_Exercise requirements_: Restate, word for word and with no pictures, the stretch of lines in the data below that begins at the line with "Anna Asti - Сорри" and ends at the line with "Trust Me, I'm", inclusive.

START Extracted records

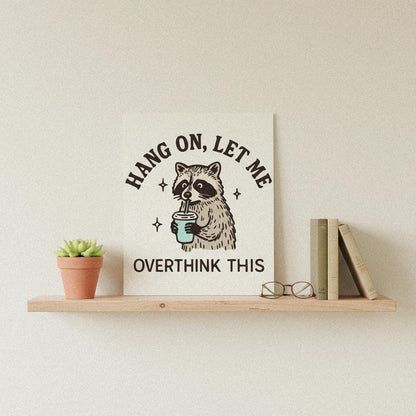 Hang On Let Me Overthink This PNG, Funny Raccoon Illustration - 300 DPI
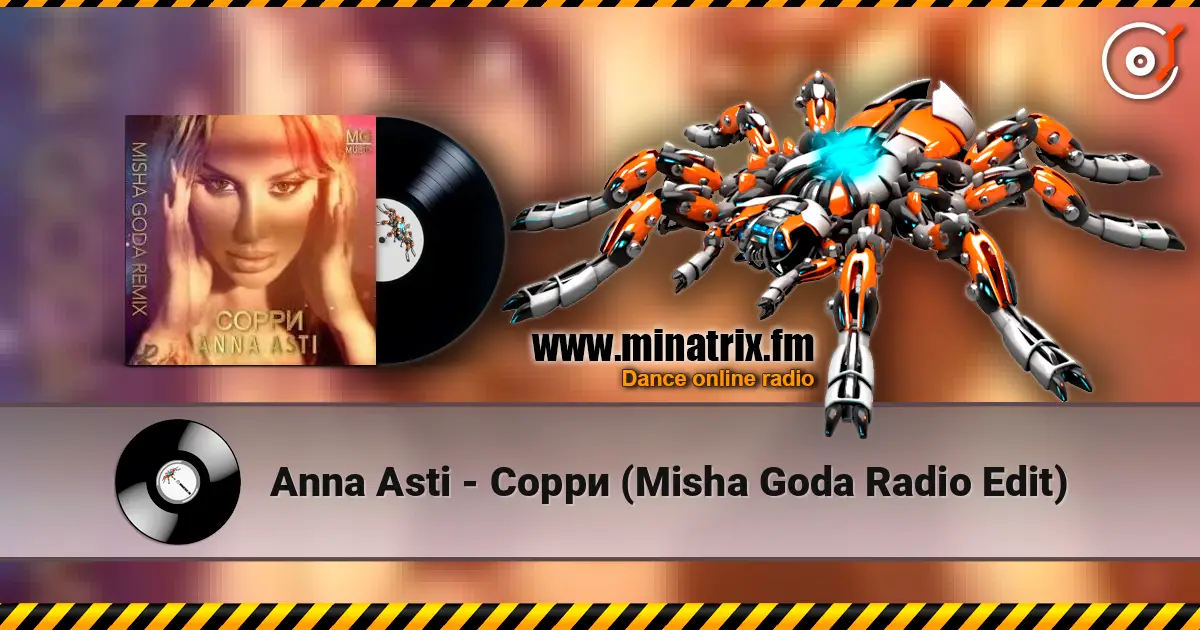 Anna Asti - Сорри (Misha Goda Radio Edit) escuchar online en alta calidad | Minatrix.FM
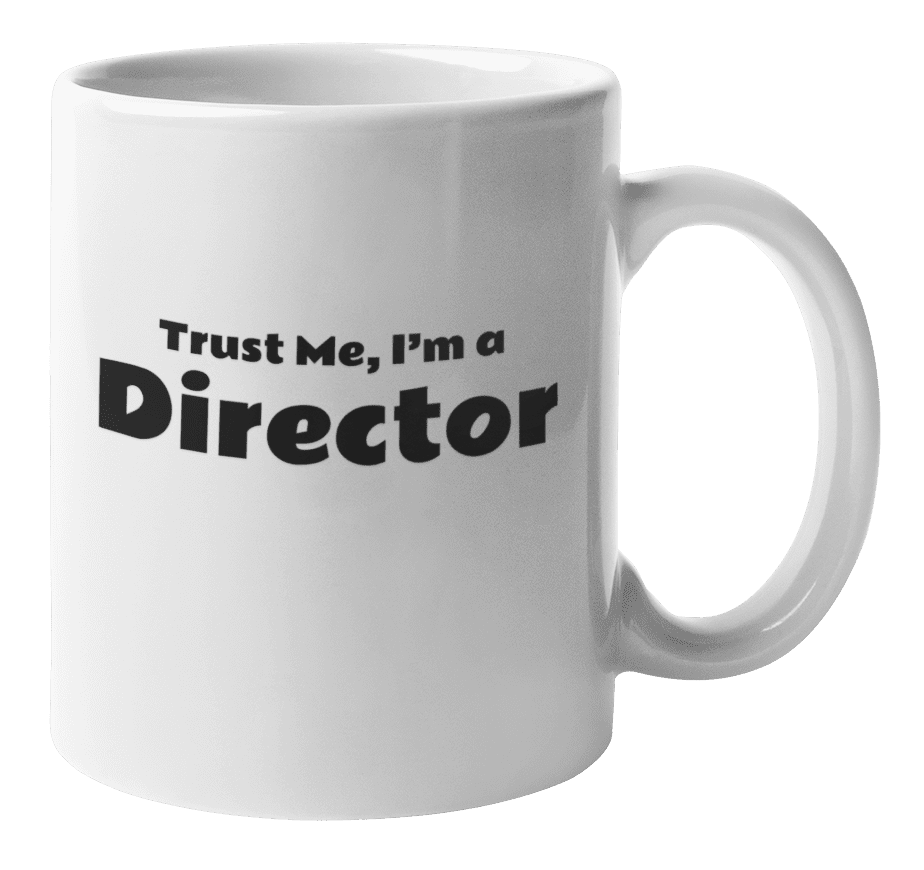Trust Me, I'm A Director. Funny Coffee & Tea Gift Mug For Videographer,  Film Maker, Movie Producer, Actor, Actress, Artist, Art Director,  Cinematographer, Film Editor, Men And Women (11oz) 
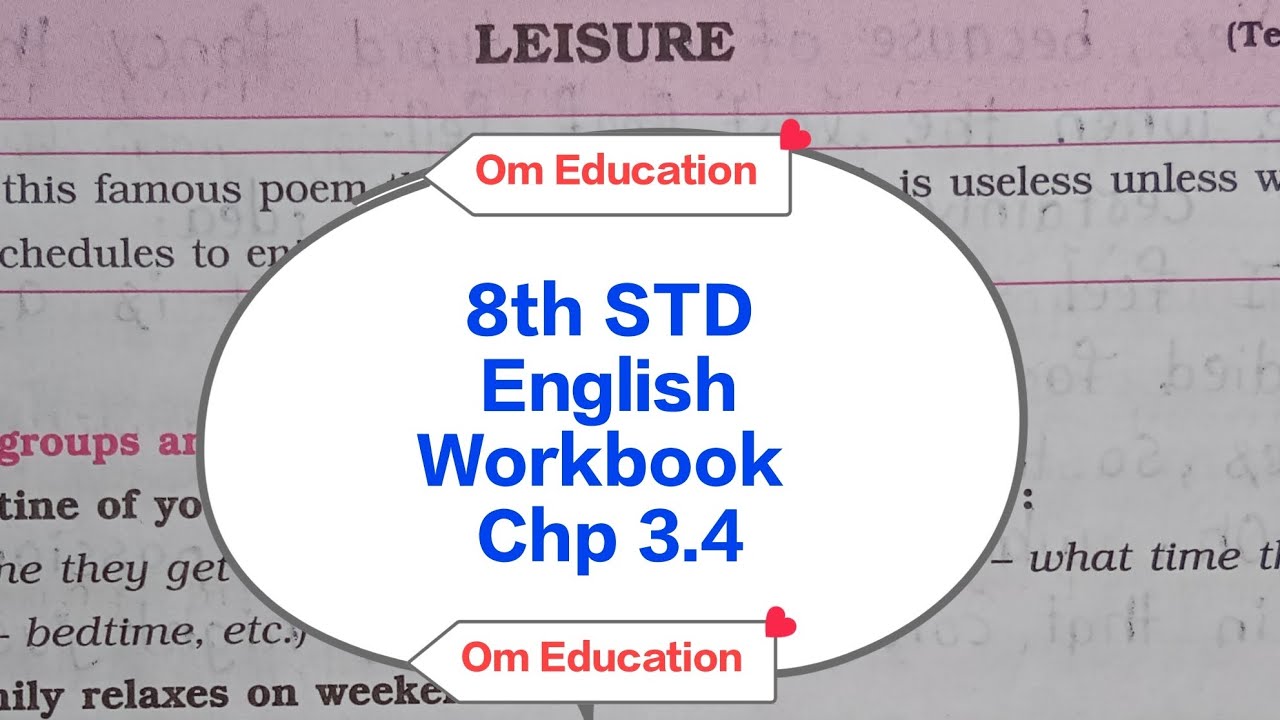 8th STD English Workbook Chp 3.4 Leisure @omeducation8606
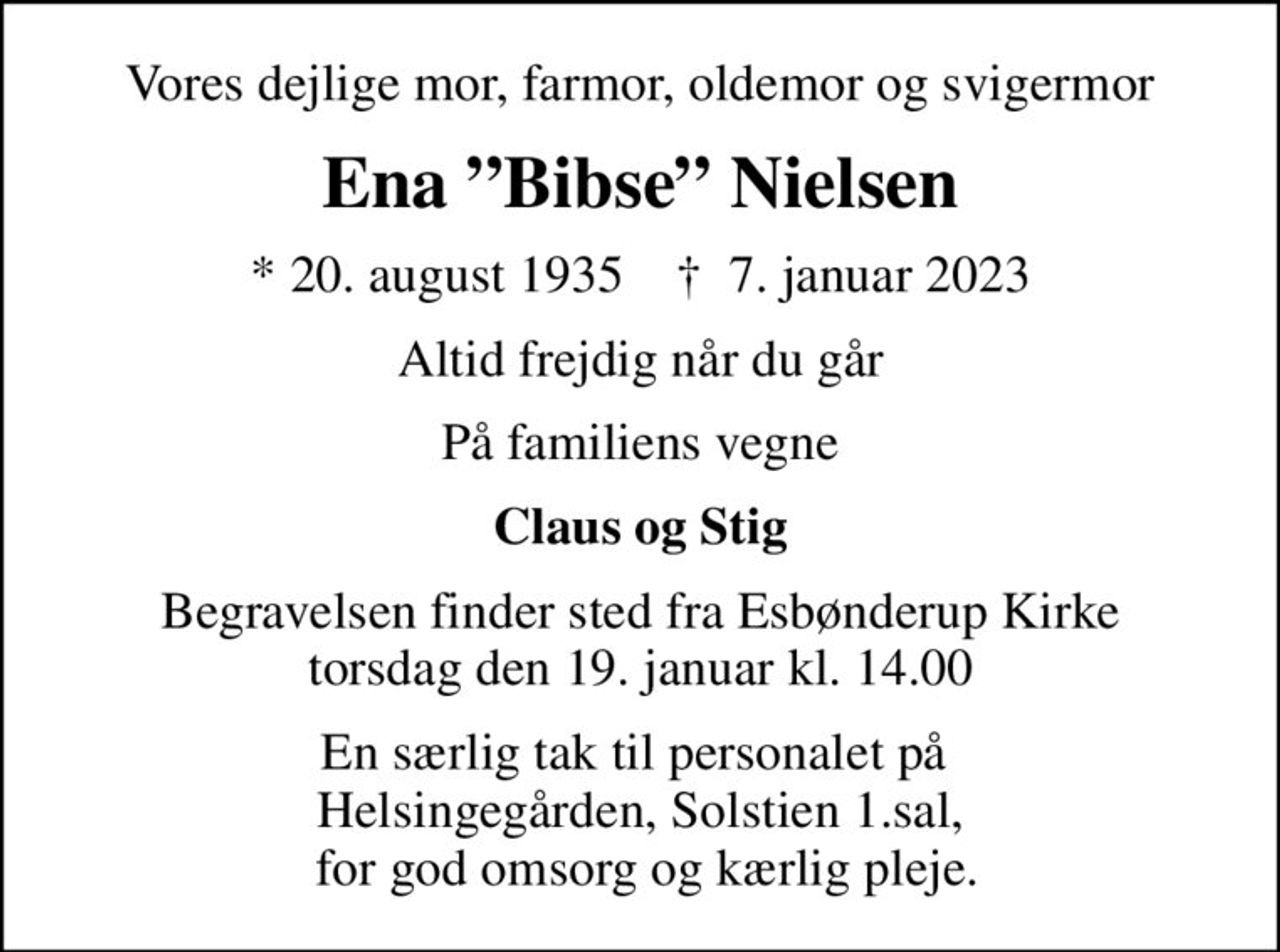 Vores dejlige mor, farmor, oldemor og svigermor
Ena Bibse Nielsen
* 20. august 1935    ✝ 7. januar 2023
Altid frejdig når du går
På familiens vegne
Claus og Stig
Begravelsen finder sted fra Esbønderup Kirke  torsdag den 19. januar kl. 14.00 
En særlig tak til personalet på  Helsingegården, Solstien 1.sal,  for god omsorg og kærlig pleje.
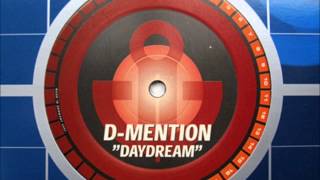 D-Mention - Daydream (Club Mix)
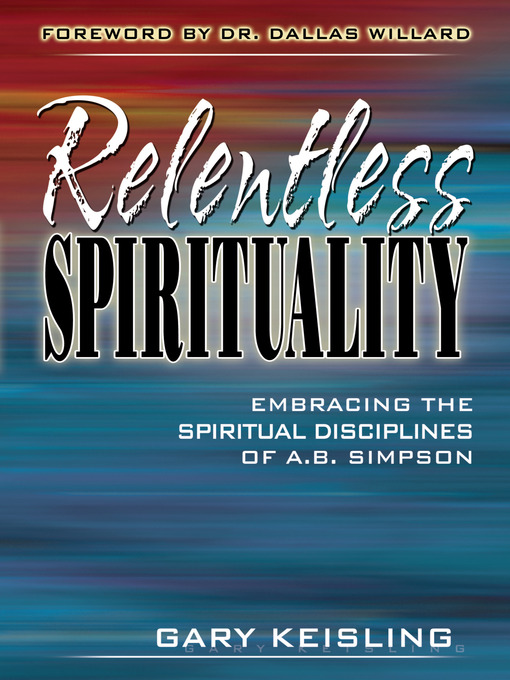 Title details for Relentless Spirituality by Gary Keisling - Available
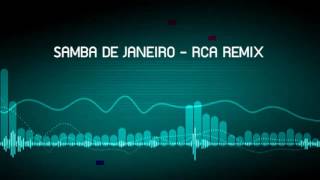 SAMBA DE JANEIRO  3 cha RCA REMIX [upl. by Gunner]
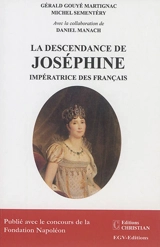 La descendance de Joséphine impératrice des Français - Gérald Gouyé Martignac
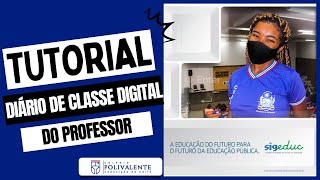 Tutorial do Diário de Classe Digital do Professor Bahia [upl. by Ladew]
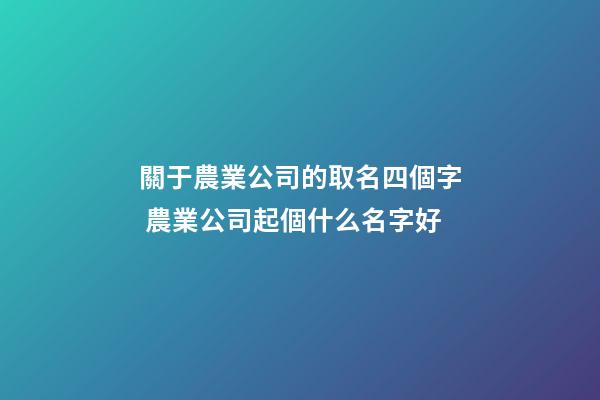 關于農業公司的取名四個字 農業公司起個什么名字好-第1張-公司起名-玄機派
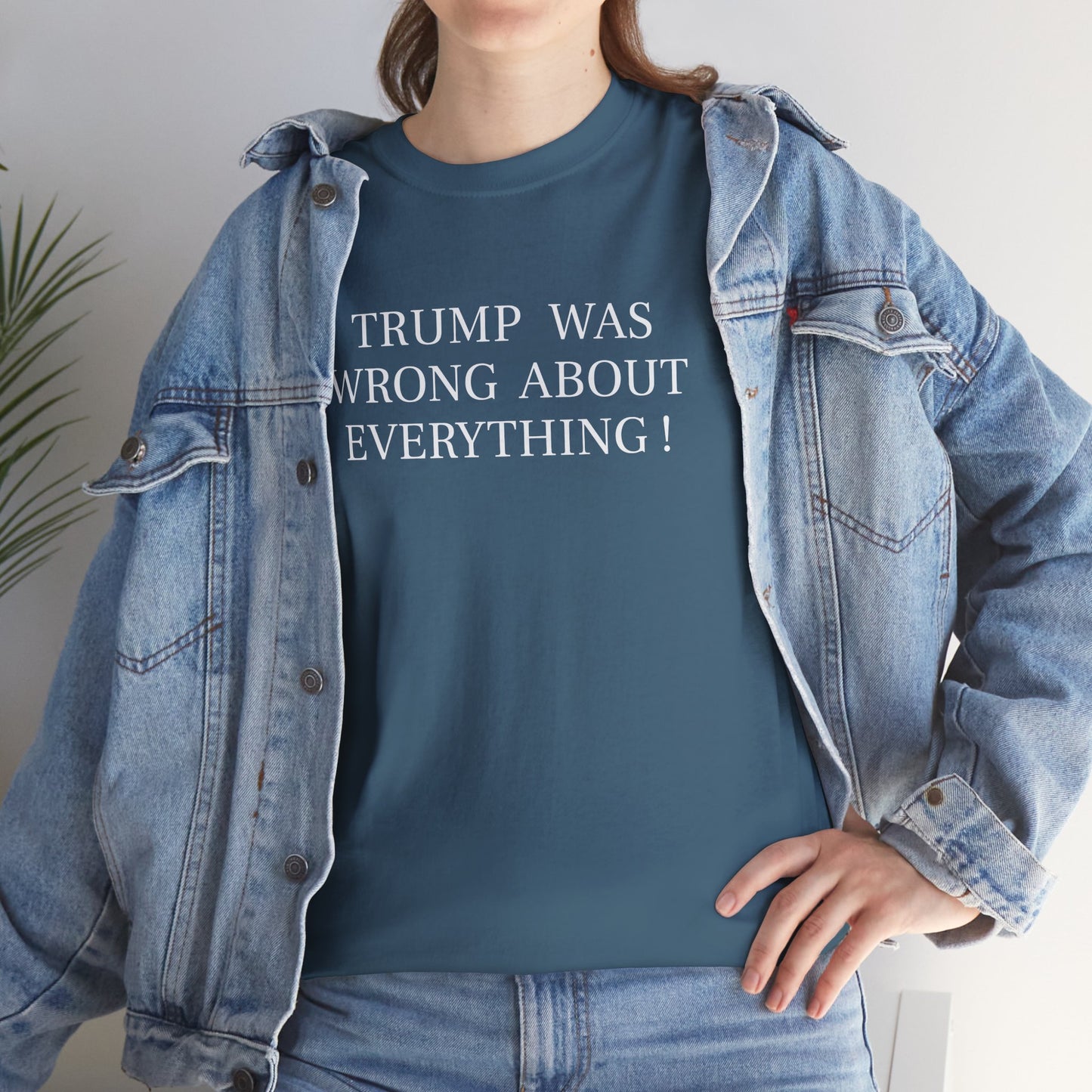 Trump Was Wrong About Everything - Unisex Heavy Cotton T-Shirt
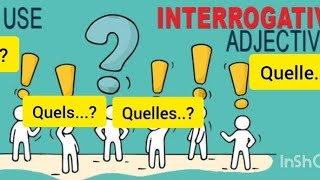 Interrogative Adjectives  Les Adjectifs Interrogatifs [upl. by Ditter]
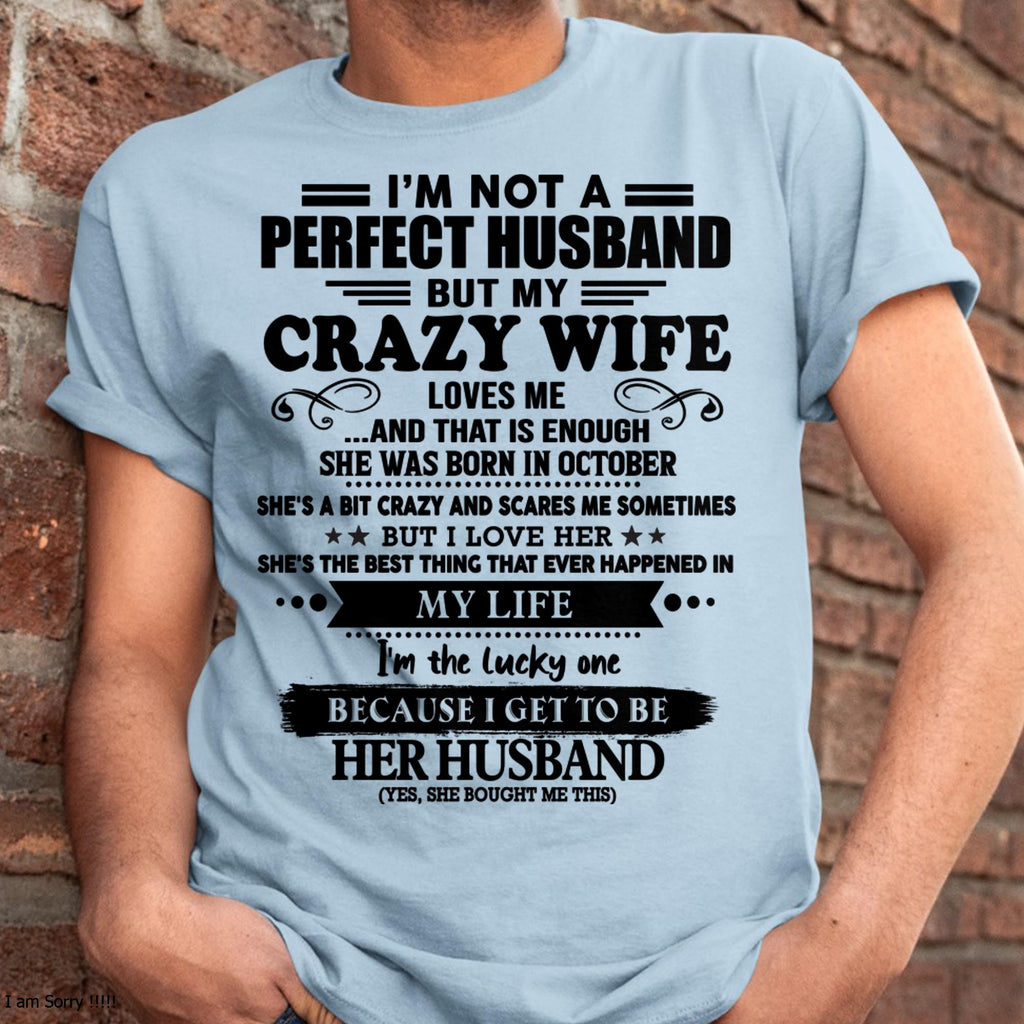 October - I Am Not A Perfect Husband But My Crazy Wife Love Me And That Is Enough - Gift For Husband From Wife - NGHL10 (SKU-QHUSBAND-10)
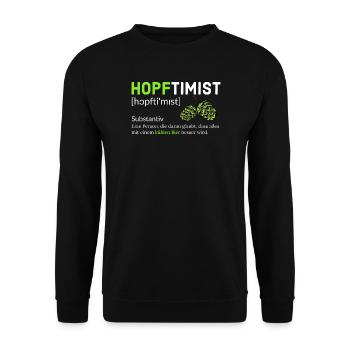 Hopftimist Bier Lustiger Spruch Humor - Unisex Pullover - Schwarz - Vorne - Alina (178cm) & Michal (187cm)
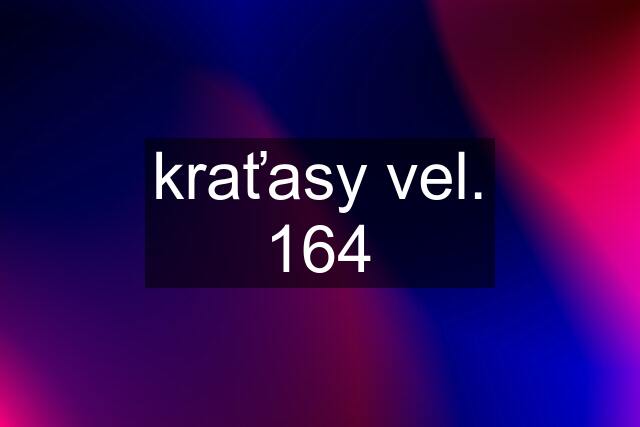 kraťasy vel. 164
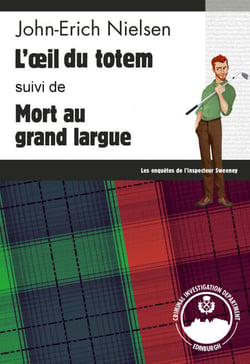 L'œil du totem - Mort au grand largue - Les enquêtes de l'inspecteur Sweeney - Tomes 5 et 6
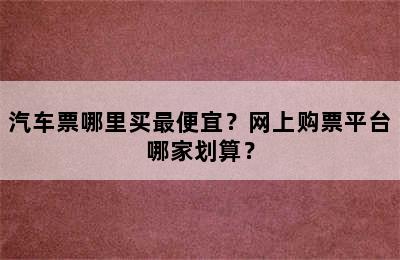 汽车票哪里买最便宜？网上购票平台哪家划算？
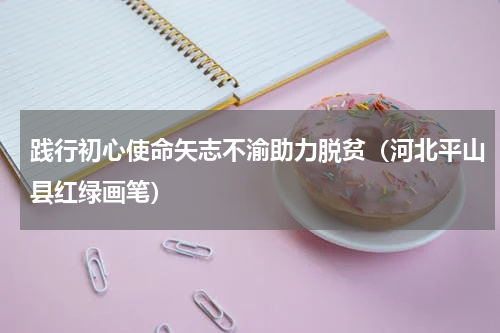 践行初心使命矢志不渝助力脱贫（河北平山县红绿画笔）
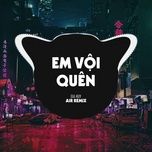 em voi quen (air remix) - gia huy singer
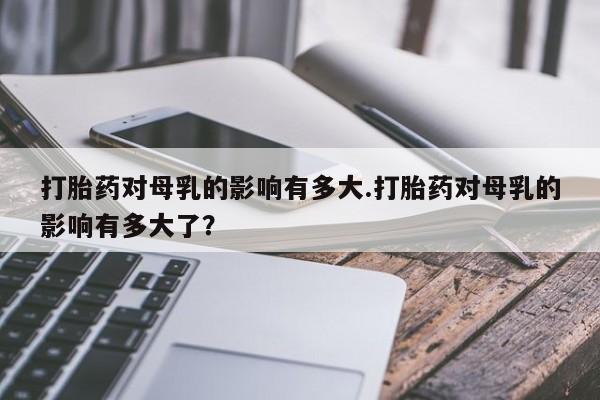 打胎药私人专卖微信网上药店打胎药对母乳的影响有多大.打胎药对母乳的影响有多大了？
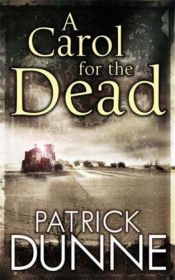 book cover of A carol for the dead by Patrick Dunne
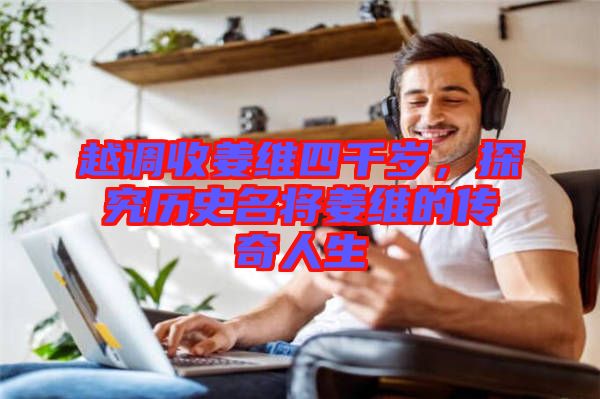 越調(diào)收姜維四千歲，探究歷史名將姜維的傳奇人生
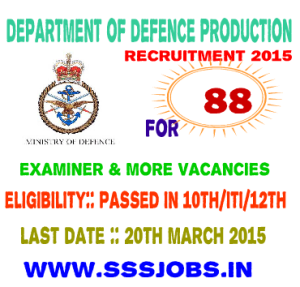 Department of Defence Production Recruitment  2015 for 88 Posts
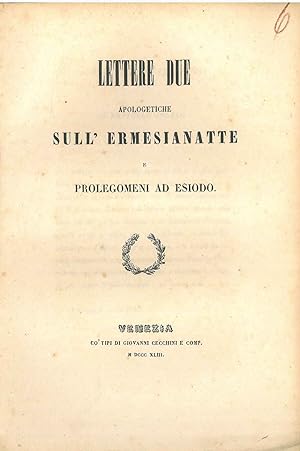 Lettere due apologetiche sull'Ermesianatte e prolegomeni ad Esiodo. Per le nozze Milan Massari - ...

END Extracted records

_Solution_:
 Anna Asti - Сорри (Misha Goda Radio Edit) escuchar online en alta calidad | Minatrix.FM
Trust Me, I'm A Director. Funny Coffee & Tea Gift Mug For Videographer,  Film Maker, Movie Producer, Actor, Actress, Artist, Art Director,  Cinematographer, Film Editor, Men And Women (11oz) 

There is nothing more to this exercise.